__WHAT NEEDS TO BE DONE__: Please write out exactly the lines from the one with "Generative Ai pink" through the end of the data below, both ends included, and omit any pictures.

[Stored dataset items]
===============

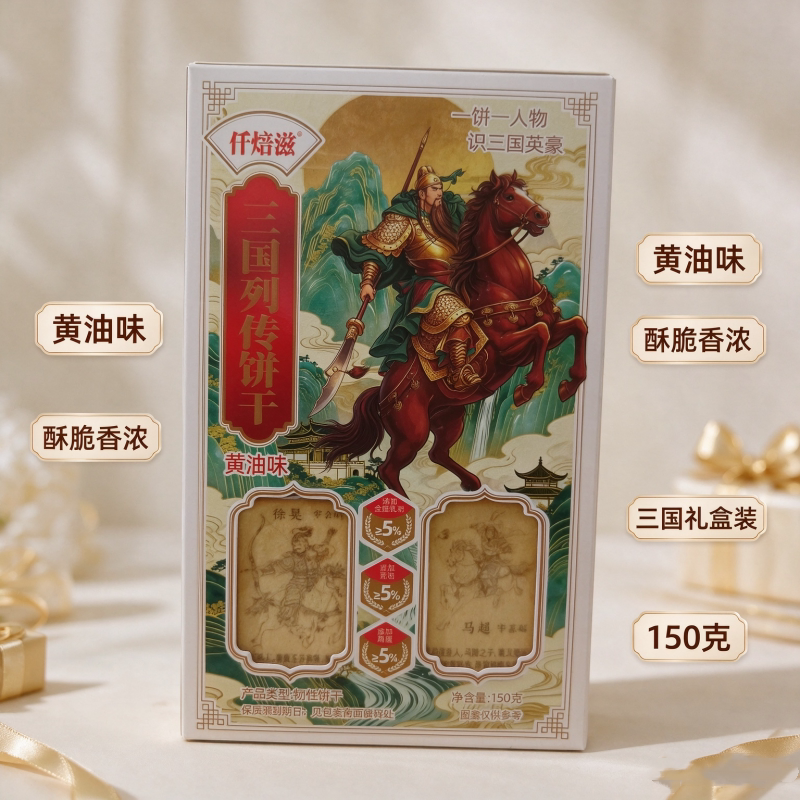 仟焙滋三国列传饼干150克黄油味儿童趣味休闲零食识三国英雄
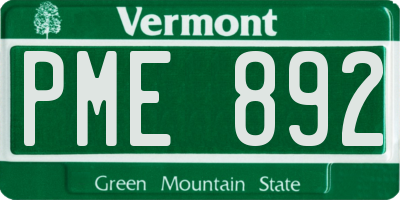 VT license plate PME892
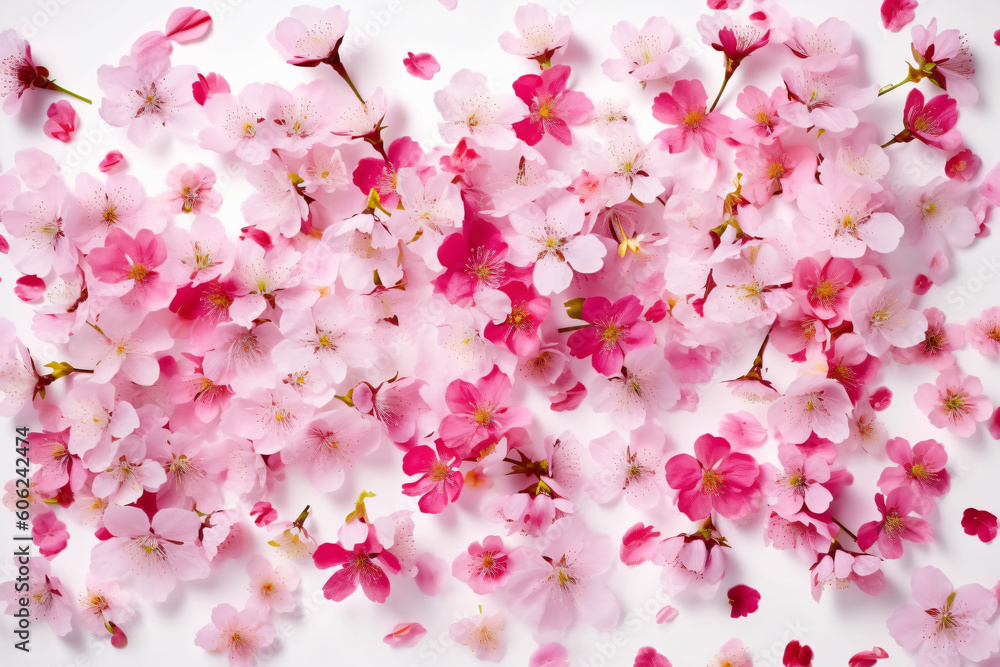 pink flower with white petals and pink stamens, Generative Ai pink flower with white petals and pink stamens, Generative Ai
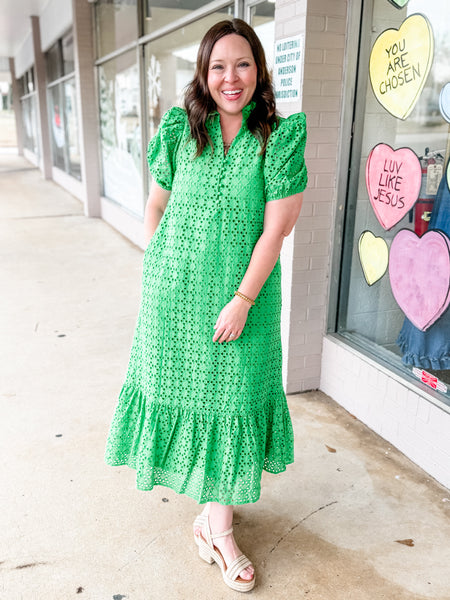Emerald Eyelet Maxi Dress - Just a Small Town Girl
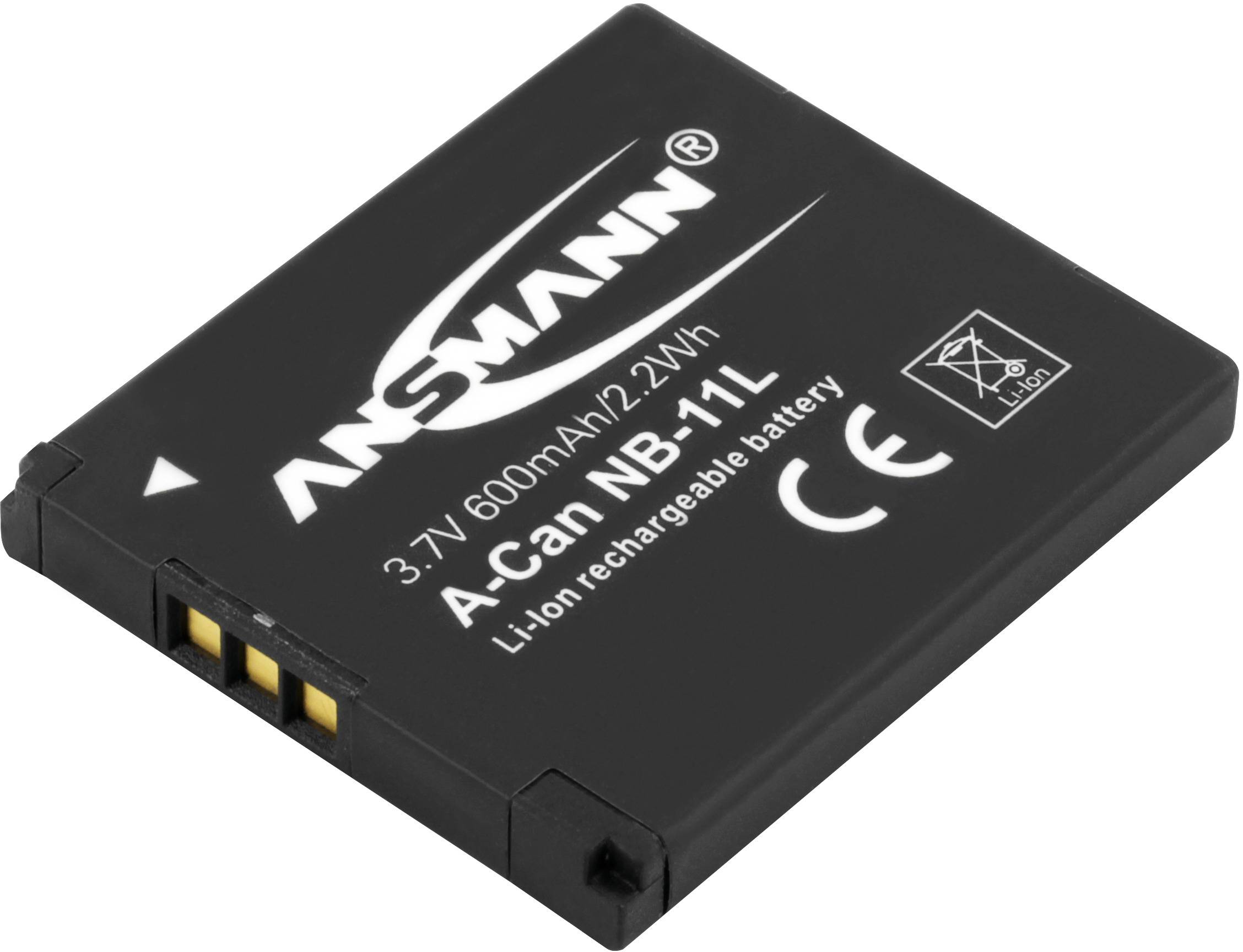 'Batteripack med 3,7V, 600mAh, 2,2Wh från Ansmann, modell NB-11L. Li-Ion-batteripack, laddningsbart, CE- och WEEE-märkning.'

===============

__TASK ANSWER__:
 pink flower with white petals and pink stamens, Generative Ai pink flower with white petals and pink stamens, Generative Ai
Emerald Eyelet Maxi Dress - Just a Small Town Girl
 'Batteripack med 3,7V, 600mAh, 2,2Wh från Ansmann, modell NB-11L. Li-Ion-batteripack, laddningsbart, CE- och WEEE-märkning.'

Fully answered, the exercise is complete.